Géographie du conte à Paris
En Ile-de-France, ils doivent être une cinquantaine de conteurs amateurs à se côtoyer dans un lieu ou dans l’autre. Quant aux conteurs professionnels, leur association, l’APACC, a commencé leur recensement sur la France. Jusqu’à présent, Criticomique n’en avait pas parlé, si ce n’est d’Henri Gougaud, Yanick Jaulin ou encore Pépito Matéo, découvert en improvisateur brillant dans la série Münchausen, qui propose avec Gaëlle-Sara Branthomme des Histoires aléatoires. Parmi les lieux du conte à Paris, outre le Rigoletto, on peut citer le Petit Ney (Paris 18e) qui accueille aussi les soirées Slam ô féminin, le café associatif Pernety (ou Moulin à café, Paris 14e) où est actif le collectif Ressac, la bibliothèque associative de Malakoff (BAM), tendance anarchiste, où officie notamment Ariel Thiébaut qui compose avec Bérengère Charbonnier le duo mouveLOReille, ou encore le Soleil de la Butte (Paris 18e) animé par Histoires et compagnie, soit Patrick Crespel et Patrick Garcia que nous entendons lors de la scène ouverte.
Scène ouverte
D’abord, Ariel Thiebaut privilégie la bonne humeur en contant l’histoire de quatre filles qui avaient pour mission de faire fructifier un grain de riz. Evoquant un désert balayé par le souffle du vent, la conteuse chuchote, parle et frétille en faisant des apartés et des clins d’œil au public. Ensuite, Patrick Garcia délivre une version berrichonne et actualisée du Petit chaperon rouge, où le loup est incarné par un vieux beau. Sous sa barbe tellement épaisse qu’elle masque sa bouche, il articule avec une grande précision, voix qui porte, jeu assuré. Il a un gimmick : « Le conte, c’est du sérieux », tout comme son successeur, Gabriel Kernéis, qui répète « C’est pas comme dans les contes ». Mise en scène soignée, gestuelle et posture de clown blanc, celui-ci narre l’histoire d’une jeune fille que sa belle-mère envoie mourir dans le « gel craquant » auquel elle survit, à l’inverse de ses demi-sœurs. Comme il reste cinq minutes avant la pause, Lynn Vivier-Foucart narre un mini conte aux airs d’histoire drôle, mettant en scène Saint-Pierre au paradis.

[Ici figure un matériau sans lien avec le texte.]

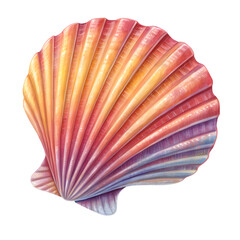 Fototapeta premium Vibrant colorful scallop seashell with fan pattern, iridescent gradient texture detailed studio shot photography png file isolated on transparent background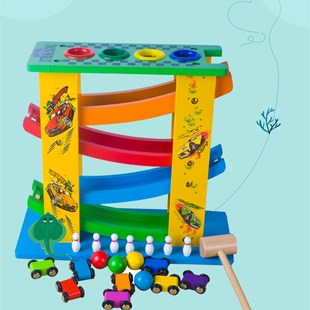 飞车四层天梯滑翔车轨道滑梯车木制益智儿童惯性滑行车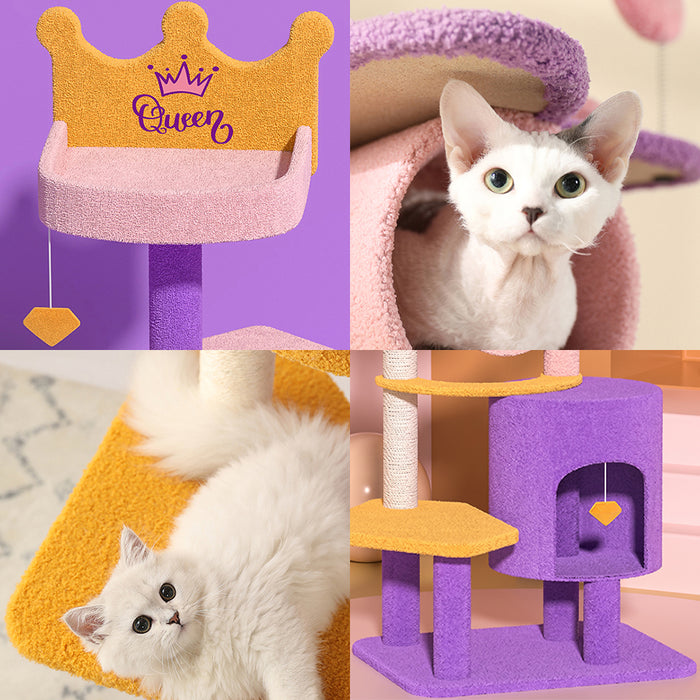 Seb Cat Climber, Cat Tree, Coral Fleece
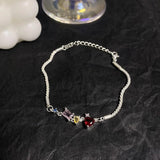 Red Heart Women Bracelet Rhinestone Silver Armband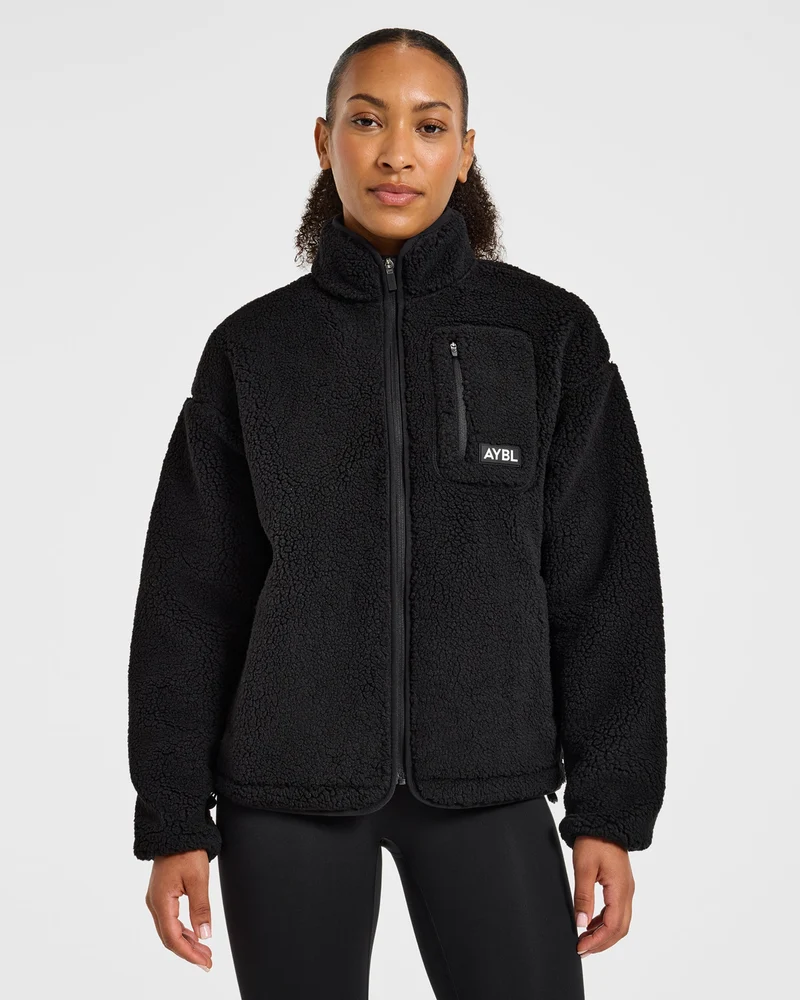 Signature Zip Up Fleece Jacket - Noir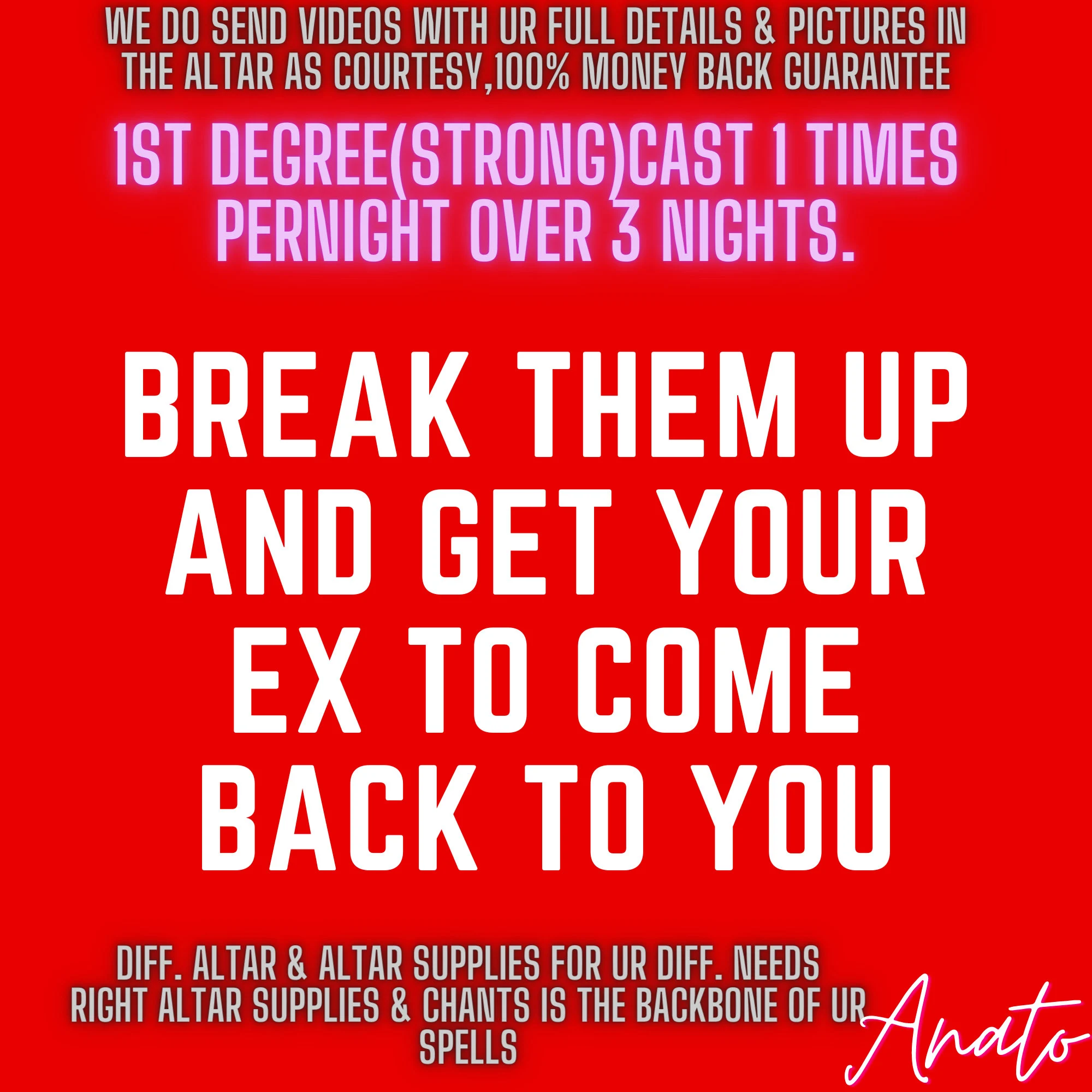 bring back your ex Up and Come Back Love Spell Break them up - $600.00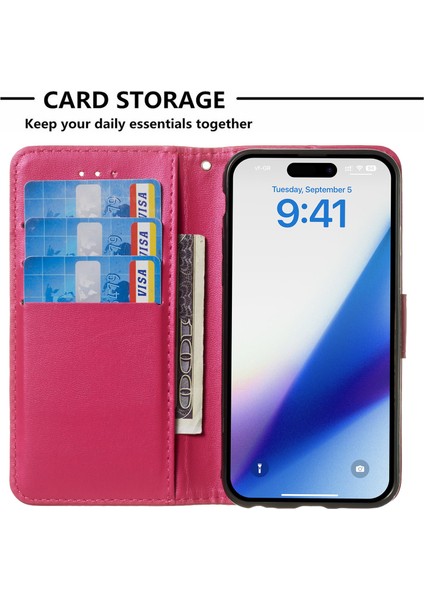 iPhone 15 Plus Pu Deri Cüzdan Kapaklı Telefon Kılıfı Stand Shell'i Çevirin (Yurt Dışından)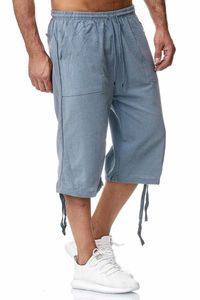 Sieben Jeans großhandel-Männer Jeans Casual Cotton Leinen Sweatpants Sommer Seven Point Solide Farbhose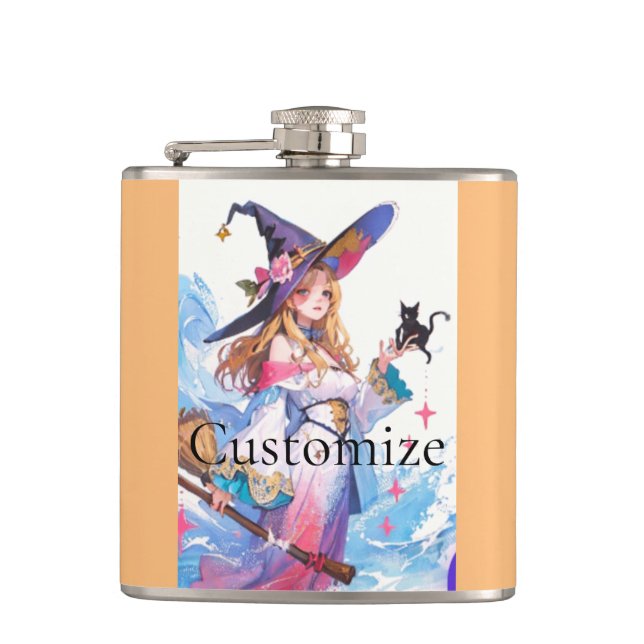 Cute Witch Holding Black Cat Thunder_Cove  Flask (Front)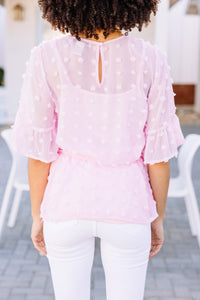Swiss dot pink blouse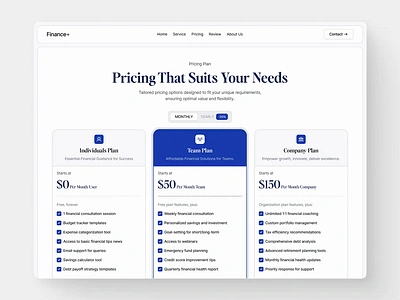 Finance+ - Pricing Page Animation animation b2b consultant design figma finance finance landing page finance solution financial financial consultant fintech jitter landing page landing page animation platform popular pricing animation pricing page product design ui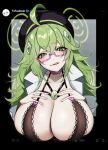  1girl blush breasts clara_(project_qt) cleavage glasses green_eyes green_hair hacker hands_on_own_breasts highres huge_breasts lab_coat licking_lips like_and_retweet long_hair looking_at_viewer project_qt smile solo tofuubear tongue tongue_out tweet twitter twitter_verified_checkmark twitter_x_logo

Le projet Valjean, par Ralph Nataf et Sophie David
En tête d’affiche de la partie réservée aux grands noms du conte, Ralph Nataf a choisi de travailler sur le Livre 1 des Misérables de Victor Hugo, une libre adaptation baptisée Valjean. Aidé de Sophie David au violon, il nous prend par la main et nous emmène au fil d’une narration pleine de souffle et d’imagination, qui nous fait frissonner d’horreur devant la cruauté des Thénardier ou la vulnérabilité de Fantine, qui sombre progressivement après avoir abandonné sa petite Cosette. Avec une mine renfrognée ou les yeux qui pétillent, il incarne chaque personnage en lui insufflant une énergie, une voix, un élan toujours singuliers. Le violon ponctue l’histoire sans l’envahir, comme, plus rarement encore, la flûte traversière du conteur. Cette version orale d’une partie du chef d’œuvre hugolien, à la fois détaillée, vive et spontanée, nous embarque dans le flot de l’intrigue. On est curieux de découvrir son prochain spectacle, Ballade à la fontaine.
Un art oratoire
Maîtrise de la narration, adresses au public, anaphores ou clins d’œil, tout un art oratoire se dévoile dans cette soirée où se mêlent ces amateurs et ces professionnels qui prennent un plaisir fou à se raconter des histoires pour les transmettre aux autres. Car par delà les intrigues, ce qui importe c’est la manière de s’adresser à l’audience dans ces performances qui renouent un lien essentiel entre les humains.